There hasn’t been much on the Wrigley Field renovation front in the last couple weeks, as everyone seems to legitimately be waiting for the next Landmarks Commission meeting – which isn’t until July 10 – to say or do much.
As you may recall, the Cubs announced that they would move forward with the renovation/expansion of Wrigley Field even without an agreement with the rooftops not to sue (which they are likely to do eventually), but that renovation/expansion plan was modified from what the City approved last year. Being that there was no agreement with the rooftops, the Cubs decided not to compromise on what they’d wanted all along (including seven outfield signs instead of just two). In the process of alerting the City to their revised request, there was a snafu in the communications with the City about the plan to move the bullpens under the bleachers and widen the outfield doors.
That’s where things stand this week, as Cubs Chairman Tom Ricketts continues to say only that the Cubs are “looking forward to moving forward” once the Landmarks Commission process plays itself out. Those were his remarks at a recent conference, according to the Tribune. (Read that piece for some interesting organization-building stuff, though I wouldn’t put too much into it because we don’t have much context for the comments. Generally speaking, yeah, the focus is younger, cost-controlled players, and yeah, the Cubs pay their expenses and put the rest of their revenue back into baseball operations.)
All in all, it sounds like we might not hear much until that Landmarks Commission hearing on July 10. The Cubs had previously stated that they wanted to break ground on the first stage of the renovation (the clubhouse below the triangle property (which will become the plaza) west of the ballpark) in mid-July. If approval doesn’t come until July 10, is that timeline still realistic? I’ve actually heard that it is, but, like all things renovation, I’ll believe it when I see it. And I’m sure as heck not going to get cocky about approval at that July 10th meeting. You just never know in this town.

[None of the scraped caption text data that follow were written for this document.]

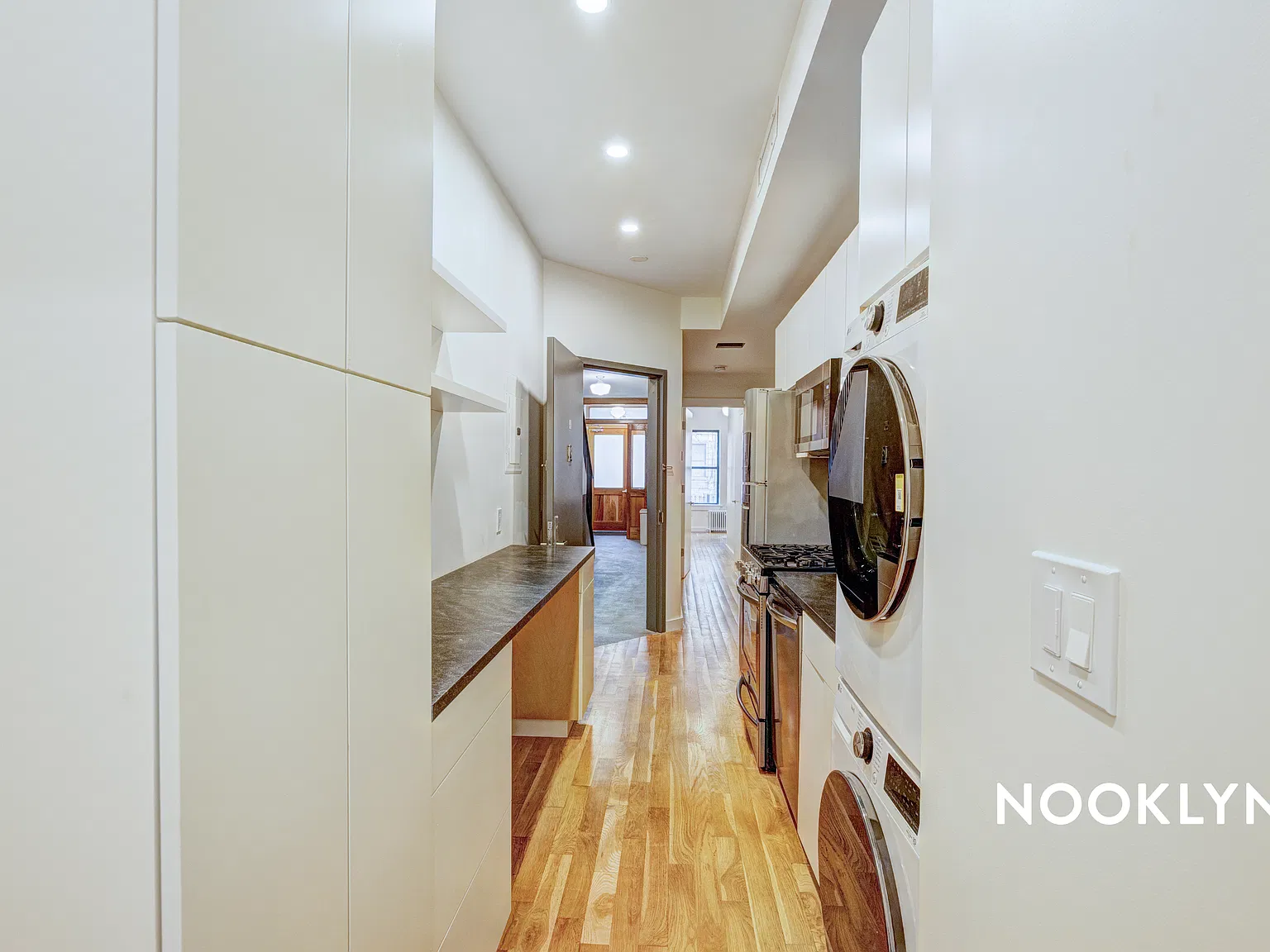 417 Suydam St — Photo 4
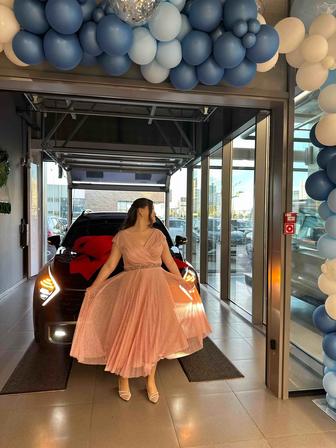 Платье на выпускной в отличном состоянии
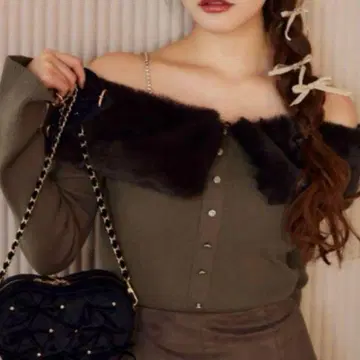 NICE CLAUP 인조 모피 비쥬 니트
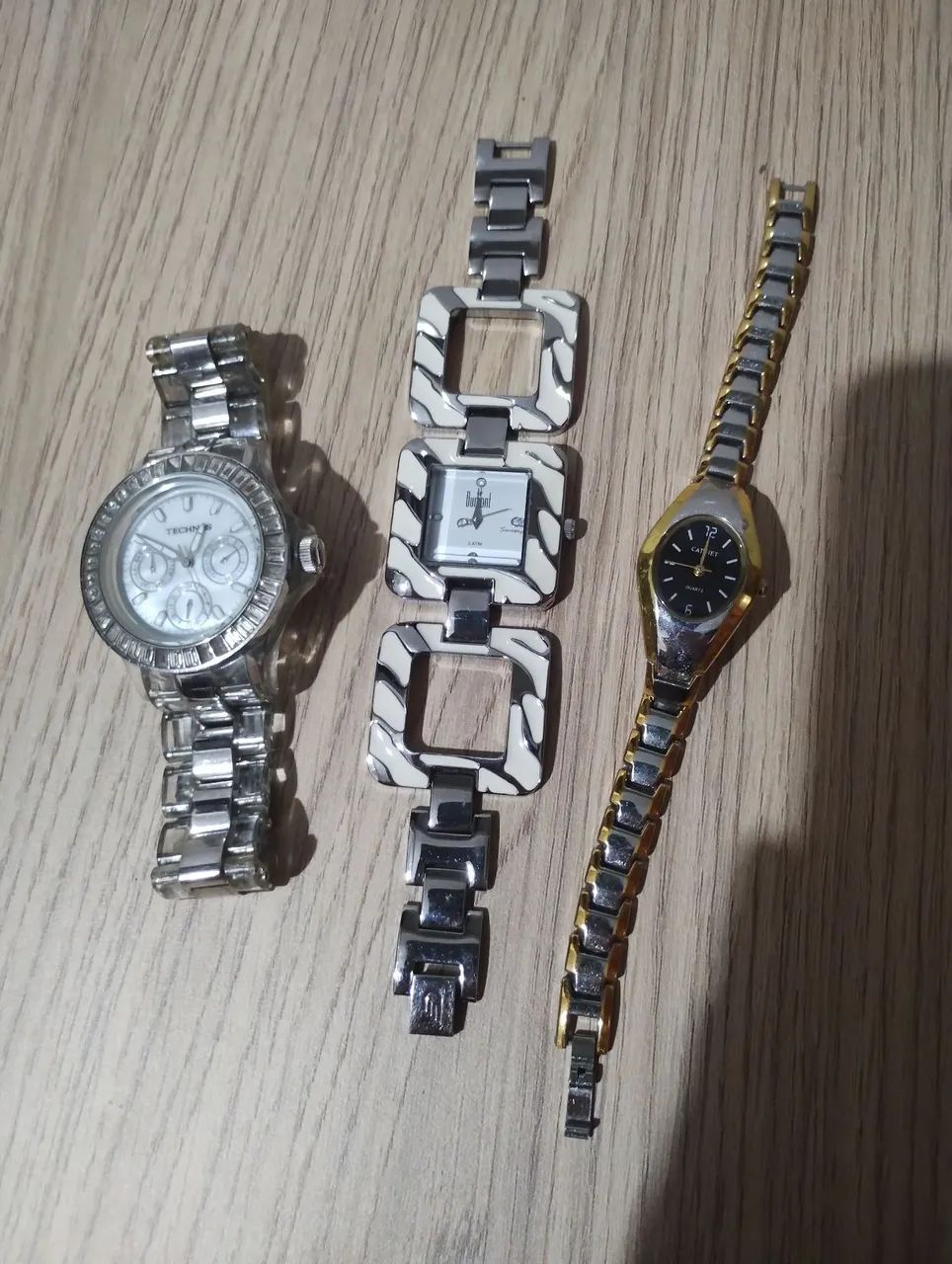 Kit com 4 relógios de marcas variadas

Speaking of which, remember when the Mayor’s Office got so PO’d about the bullpen relocation plan? About how they were not informed about it (the Cubs say it was in the documents that were submitted, but maybe it wasn’t called out enough or highlighted appropriately)? We’ll never know how much of that was legitimate anger and how much was mere political theater, but outgoing Rahm Emanuel aide Matt Hynes, who was closely involved in the multi-year negotiation process, doesn’t sound all that angry anymore.
Here’s a portion of a Q&A Hynes had recently with the Sun-Times:
Q: How frustrated are you with Cubs Chairman Tom Ricketts and the fact that, with all you’ve done to deliver, he kept you in the dark about enlarging the bullpen doors and altering Wrigley’s ivy-covered brick walls?

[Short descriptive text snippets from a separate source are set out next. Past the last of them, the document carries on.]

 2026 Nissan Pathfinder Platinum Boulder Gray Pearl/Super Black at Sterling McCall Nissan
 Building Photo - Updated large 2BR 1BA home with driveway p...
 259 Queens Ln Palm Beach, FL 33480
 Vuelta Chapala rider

A: That was a minor setback, but one that can be overcome. I don’t think it was an intentional effort on the Cubs part to sneak the goods through customs. But once it came to the mayor’s attention, he made his opinion pretty clear. But you’ve got to look at the big picture. It’s important to have the Cub investment in the park and in the community go forward. So you move past it. There’s not a whole lot to be gained from harboring bitterness when you’re trying to get a deal done.

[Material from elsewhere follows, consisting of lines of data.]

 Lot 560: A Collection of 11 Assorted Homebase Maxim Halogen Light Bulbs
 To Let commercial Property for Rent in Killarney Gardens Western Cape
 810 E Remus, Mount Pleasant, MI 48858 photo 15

Hopefully Hynes’ sentiment is shared by the Landmarks Commission. That Sun-Times piece has some interesting additional Cubs/politics bits.
And, lastly, since the renovation storyline has been something of a bummer lately, how about something light?
BN’er Miggy is having a little fun in Italy right now, and thought he’d share some of that fun with us:
— Miguel Ramirez (@miggy8035) June 26, 2014
It took 10 years to build the Colosseum and then 15 years to renovate it, so maybe the Cubs are right on schedule.